▸ **About this exercise**:
Output word for word the lines from the one with "Solar Thread Naive Vase" to the final line of the data, both ends included, but skip the pictures.

▸ **Source material**:
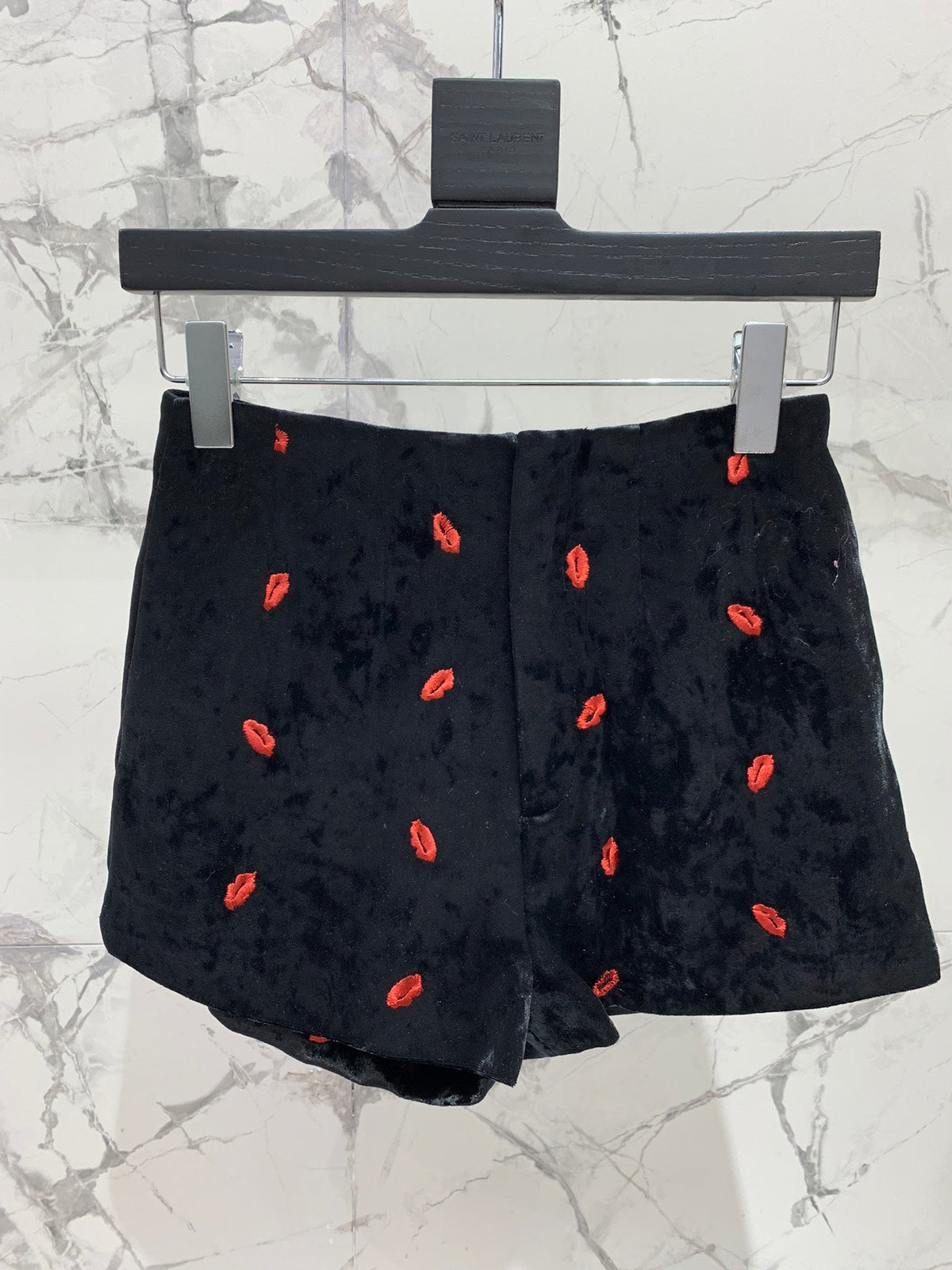 YSL 25S SHORT STYLE 161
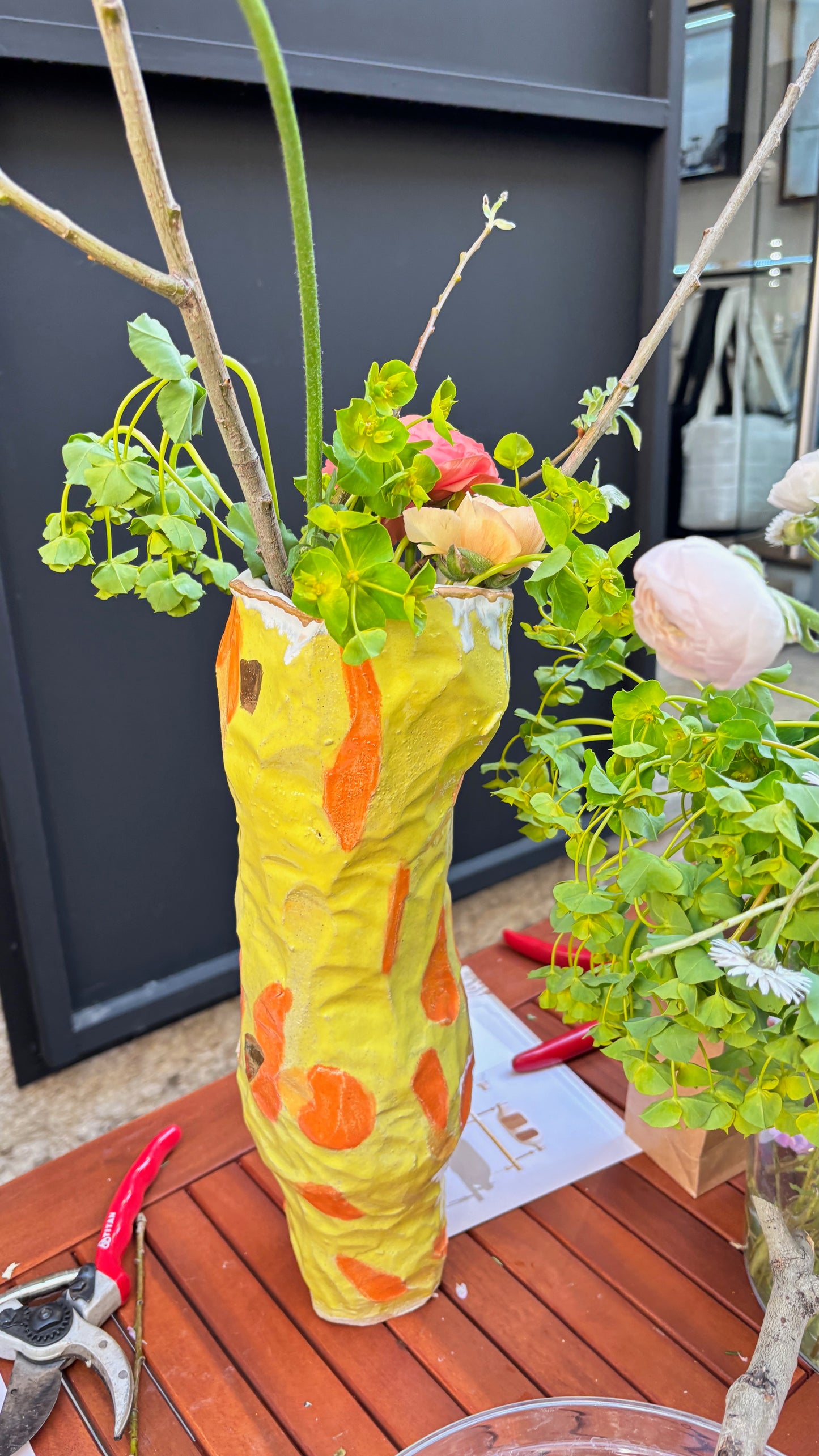 Solar Thread Naive Vase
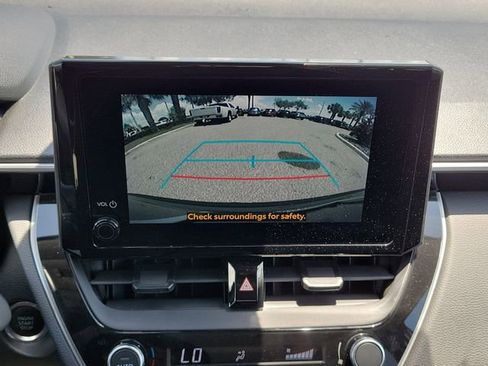 Used 2023 Toyota Corolla Cross LE w/ Moonroof Package AWD/4WD image 27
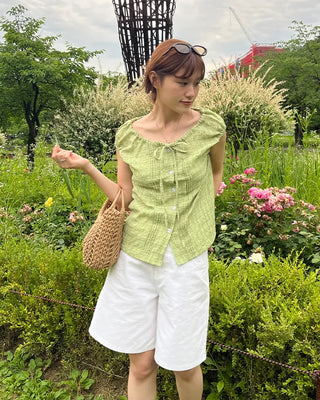Checked ribbon blouse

▸ **Expected answer**:
 Solar Thread Naive Vase
 Used 2023 Toyota Corolla Cross LE w/ Moonroof Package AWD/4WD image 27
Checked ribbon blouse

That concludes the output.